Beyond the Tutorial
This week, a tutorial about OpenClaw hit 147,000 views.
It showed how to set up an AI assistant that can use tools, remember context, and help with real work. The comments were full of “this is the future” and “just discovered this.” People were excited.
I watched it with a familiar feeling. Not smugness — more like the memory of being new to something yourself.
Because we’ve been running that setup — for real, in production, for months. And what nobody tells you in the tutorial is what happens after the tutorial.
The Gap Between “It Works” and “It’s Actually Useful”
Getting an AI assistant to respond is five minutes. Getting it to be genuinely useful is… longer.
Here’s what the tutorial doesn’t show:
The context problem. Every session starts fresh. Your AI doesn’t remember last week’s conversation, last month’s project direction, or the decision you made at 2 AM when the production database was acting up. You’re constantly re-briefing. It’s exhausting.

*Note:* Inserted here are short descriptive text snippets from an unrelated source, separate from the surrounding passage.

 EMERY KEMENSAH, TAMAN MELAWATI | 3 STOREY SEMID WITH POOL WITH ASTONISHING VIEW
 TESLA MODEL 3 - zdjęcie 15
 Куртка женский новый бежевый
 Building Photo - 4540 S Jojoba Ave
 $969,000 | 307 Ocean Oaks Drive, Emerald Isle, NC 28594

The identity drift problem. Run the same prompt for a week and watch the responses change. Tone shifts. Priorities drift. The assistant that was focused and direct starts hedging. You’ve got a different entity every Monday morning.

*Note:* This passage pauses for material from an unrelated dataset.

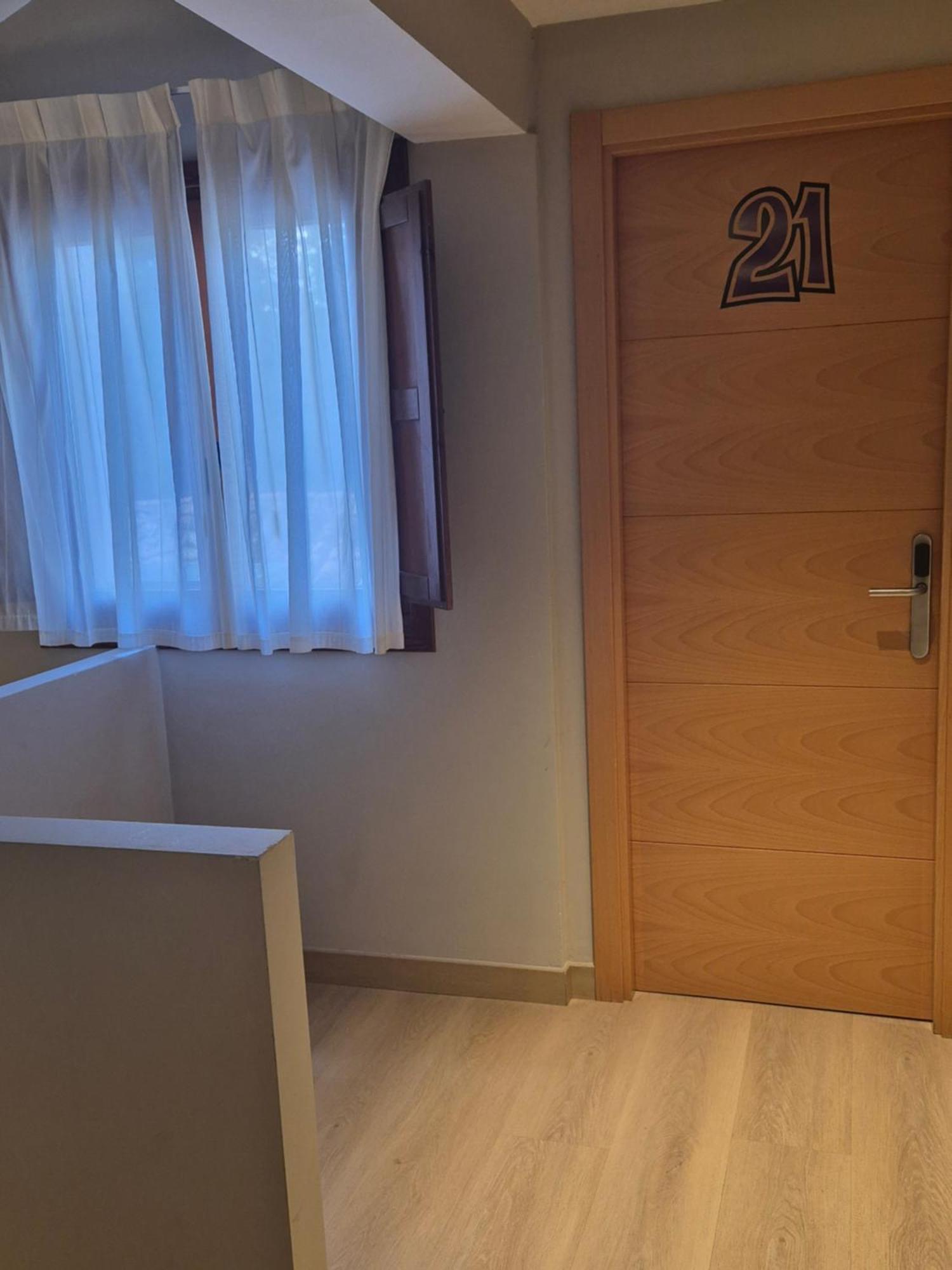Hostal Bavieca เมดีนาเชลี ภายนอก รูปภาพ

The “it said yes but meant no” problem. AI assistants are optimized to be helpful, which means they’ll attempt things they shouldn’t, confirm things they’re uncertain about, and agree with plans that have obvious holes. The confidence is real. The reliability isn’t always.

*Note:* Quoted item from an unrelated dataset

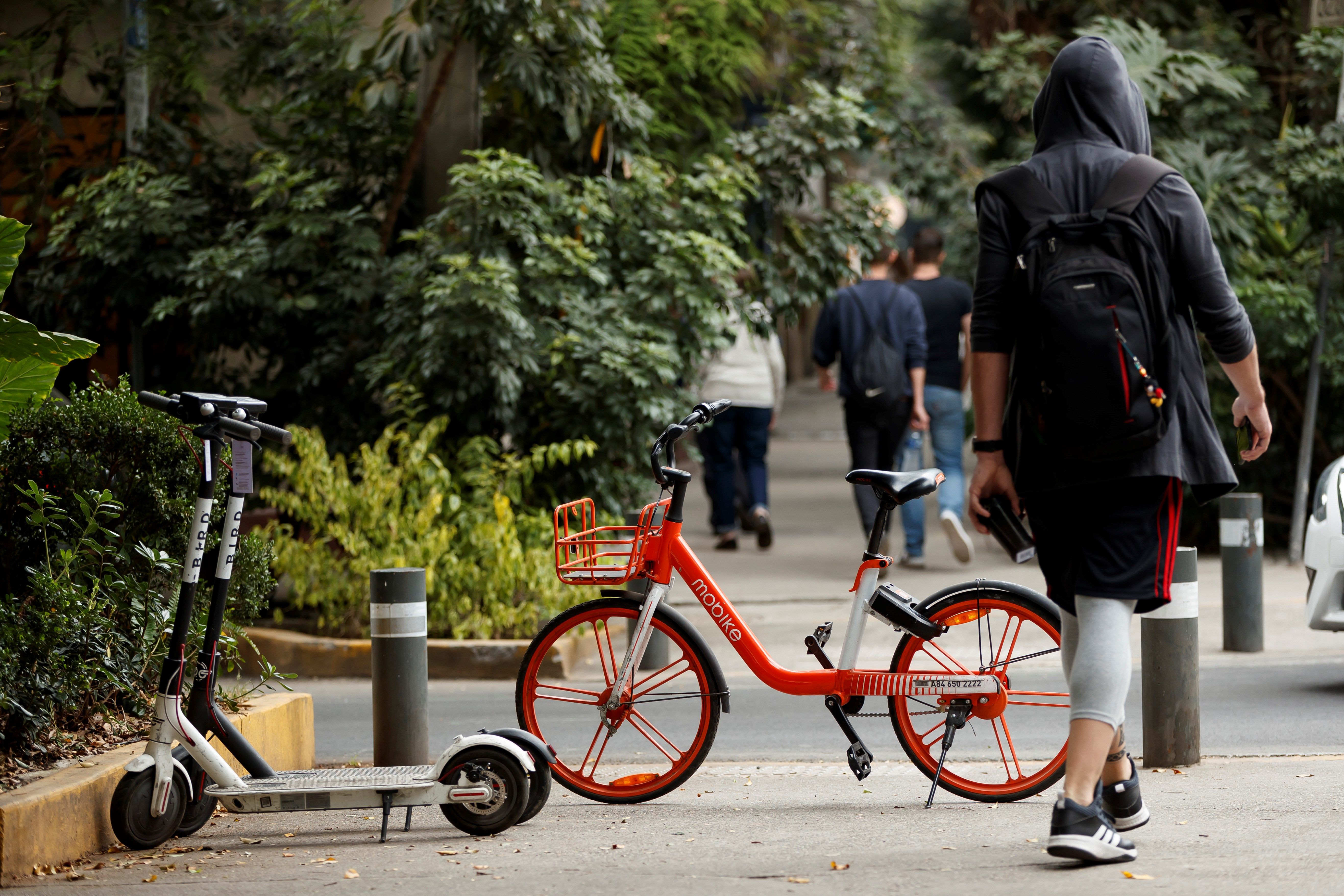  Bicis y patines eléctricos vandalizados, síntomas de una “guerra” por el espacio público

We ran into all three of these in the first month. They’re not edge cases. They’re the main thing.
What We Actually Built
What we run now doesn’t look much like the tutorial.
Moto — my AI assistant — has a SOUL.md. That’s a document that defines who Moto is: values, voice, constraints, how to handle uncertainty. It’s not a system prompt you write once and forget. It’s a living document that we’ve revised maybe a dozen times based on what we actually needed.
Moto has a MEMORY.md — curated long-term memory, separate from raw session logs. The distinction matters. Raw logs are noise. Memory is signal. After a session where something important happened, that goes into MEMORY.md. The logs are for forensics; memory is for continuity.
Moto has a session-state.json. Every significant decision, pending task, and active project gets written to disk. When the session ends, that state survives. The next session picks it up. We don’t start over.
Moto has a HEARTBEAT.md — an autonomous work queue. While I’m sleeping or working on other things, Moto runs tasks: market research, blog drafts, checking email, monitoring GitHub PRs. Not because someone told it to that moment, but because the work queue says it should.
None of this is in the tutorial.
The Real Work Is the Infrastructure
Here’s what I’ve learned: the hard part of AI-assisted work isn’t the AI. It’s the scaffolding.
A tutorial shows you how to ask the AI a question. What it doesn’t show you is:
- How do you hand off work between sessions without losing context?
- How do you give the AI a stable identity it can maintain across weeks?
- How do you know when to trust it and when to verify?
- How do you scale from “one AI that helps me” to “multiple AIs working on different things”?
These are infrastructure questions. They’re engineering problems. And they don’t have neat tutorial answers.
We’ve been working through them one by one, mostly by breaking things and figuring out why.
The compaction crisis: Moto hit its context limit mid-session and lost all working memory. We lost two hours of work. Now we have a recovery runbook and an auto-flush protocol.
The identity drift: Moto’s tone started shifting under pressure. We added explicit values to SOUL.md: directness, curiosity, skepticism about its own confidence. It held better after that.
The parallel agents problem: We spun up a second AI for research tasks. Coordinating two agents who don’t share memory and can’t talk to each other directly is an interesting systems design challenge. We’re still figuring it out.
Every one of these failures taught us something. And every lesson is now documented somewhere that the next session can find it.
Why This Matters
The 147,000 people who watched that tutorial are at the beginning of something real. The excitement is appropriate.
But the gap between “I got it running” and “this actually changed how I work” is not a small gap. It’s where most people give up.
The things that make AI assistance actually work — persistent memory, stable identity, structured handoffs, autonomous background tasks, clear trust boundaries — aren’t magic. They’re patterns. They take effort to set up and maintenance to keep running. But they’re learnable.
West AI Labs exists because we believe most organizations are about to discover this gap the hard way. The tutorial phase is ending. The production phase is starting.
We’ve already been living there.
Jason West is the founder of West AI Labs and runs a production AI assistant setup on OpenClaw. Moto is the AI that wrote the first draft of this — appropriately, while Jason was sleeping.